C++ Logo

SG16

Advanced search

Subject: Re: [isocpp-ext] P1949R4 - C++ Identifier Syntax using Unicode Standard Annex 31
From: Matthew Woehlke (mwoehlke.floss_at_[hidden])
Date: 2020-06-18 09:33:30


On 18/06/2020 10.05, Corentin Jabot wrote:
> On Thu, Jun 18, 2020, 15:52 Matthew Woehlke via SG16 wrote:
>> Okay... I have a potential strong objection to this. It is not clear to
>> me (not being a unicode expert) how this will interact with the many,
>> many existing tools (ot to mention programmer muscle memory) that
>> defines identifiers as:
>>
>> [_[:alpha:]][_[:alnum:]]*
>
> [_\p{XID_Start}]\p{XID_Continue}*

- Are those equivalent?

- Is that supported by common tools? (No.)

- Is that a royal pain to type? (Yes.)

- Are '\p{XID_Continue}' and '\w' synonyms?

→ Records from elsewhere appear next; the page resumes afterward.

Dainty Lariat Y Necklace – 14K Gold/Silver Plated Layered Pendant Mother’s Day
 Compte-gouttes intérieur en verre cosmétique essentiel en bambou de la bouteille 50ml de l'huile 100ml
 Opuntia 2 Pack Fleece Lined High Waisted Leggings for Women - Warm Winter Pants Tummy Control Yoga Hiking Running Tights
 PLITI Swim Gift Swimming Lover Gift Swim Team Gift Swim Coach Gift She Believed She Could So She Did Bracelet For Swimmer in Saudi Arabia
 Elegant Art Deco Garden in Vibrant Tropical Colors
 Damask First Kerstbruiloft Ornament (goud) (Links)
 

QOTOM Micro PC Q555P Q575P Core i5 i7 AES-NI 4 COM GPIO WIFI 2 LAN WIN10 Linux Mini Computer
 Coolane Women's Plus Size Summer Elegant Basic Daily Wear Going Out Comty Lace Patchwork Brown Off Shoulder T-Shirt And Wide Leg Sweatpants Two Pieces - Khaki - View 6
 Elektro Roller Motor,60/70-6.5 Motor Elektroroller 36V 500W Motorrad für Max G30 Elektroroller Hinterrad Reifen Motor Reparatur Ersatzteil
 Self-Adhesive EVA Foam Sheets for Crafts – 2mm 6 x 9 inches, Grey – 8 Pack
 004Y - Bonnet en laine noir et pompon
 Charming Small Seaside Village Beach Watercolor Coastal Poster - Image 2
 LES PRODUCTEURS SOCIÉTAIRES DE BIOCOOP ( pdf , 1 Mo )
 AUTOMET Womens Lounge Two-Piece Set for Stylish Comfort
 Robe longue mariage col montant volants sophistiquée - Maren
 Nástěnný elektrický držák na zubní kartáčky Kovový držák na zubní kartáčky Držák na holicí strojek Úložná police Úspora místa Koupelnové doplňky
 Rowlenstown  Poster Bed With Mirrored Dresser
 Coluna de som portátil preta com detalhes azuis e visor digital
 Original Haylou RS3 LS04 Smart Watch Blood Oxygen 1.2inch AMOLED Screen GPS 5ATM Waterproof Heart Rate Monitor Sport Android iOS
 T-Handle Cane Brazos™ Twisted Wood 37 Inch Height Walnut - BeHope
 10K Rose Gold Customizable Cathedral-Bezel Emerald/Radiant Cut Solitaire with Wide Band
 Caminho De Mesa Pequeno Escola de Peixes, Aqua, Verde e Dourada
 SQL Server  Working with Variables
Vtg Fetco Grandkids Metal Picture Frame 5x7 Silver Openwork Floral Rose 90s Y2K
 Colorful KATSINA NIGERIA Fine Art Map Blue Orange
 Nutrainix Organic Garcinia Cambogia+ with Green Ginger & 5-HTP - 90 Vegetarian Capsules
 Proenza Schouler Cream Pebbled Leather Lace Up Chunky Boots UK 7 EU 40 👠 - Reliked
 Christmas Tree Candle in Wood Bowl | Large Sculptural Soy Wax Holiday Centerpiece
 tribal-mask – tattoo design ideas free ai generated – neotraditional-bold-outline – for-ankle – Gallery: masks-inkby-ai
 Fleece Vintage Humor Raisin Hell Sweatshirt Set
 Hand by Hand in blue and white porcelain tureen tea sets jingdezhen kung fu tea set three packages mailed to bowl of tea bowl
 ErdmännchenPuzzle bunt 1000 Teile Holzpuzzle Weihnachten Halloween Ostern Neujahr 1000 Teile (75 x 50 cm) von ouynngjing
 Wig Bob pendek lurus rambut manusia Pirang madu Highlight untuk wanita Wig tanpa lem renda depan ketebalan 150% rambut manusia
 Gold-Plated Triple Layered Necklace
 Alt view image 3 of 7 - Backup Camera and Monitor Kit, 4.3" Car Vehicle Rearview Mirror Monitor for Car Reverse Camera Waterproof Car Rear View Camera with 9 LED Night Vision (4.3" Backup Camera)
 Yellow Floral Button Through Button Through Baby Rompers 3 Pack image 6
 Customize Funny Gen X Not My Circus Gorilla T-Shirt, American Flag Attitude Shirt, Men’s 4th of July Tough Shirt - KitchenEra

>> I would very, ***VERY*** strongly like to see an analysis of whether
>> this change is going to break existing tools that rely on the above
>> definition of identifiers.
>
> These tools probably don't work as it is with the set of characters allowed
> currently. For example, emojis are currently allowed and not matched by
> your regex
> Note also that "a\u00e9" can appear verbatim in code which the regex
> wouldn't match

Okay, maybe not, but then I suppose my point is that if we're going to
fix it, I would like to *fix* it, not just make it less broken.

-- 
Matthew

SG16 list run by sg16-owner@lists.isocpp.org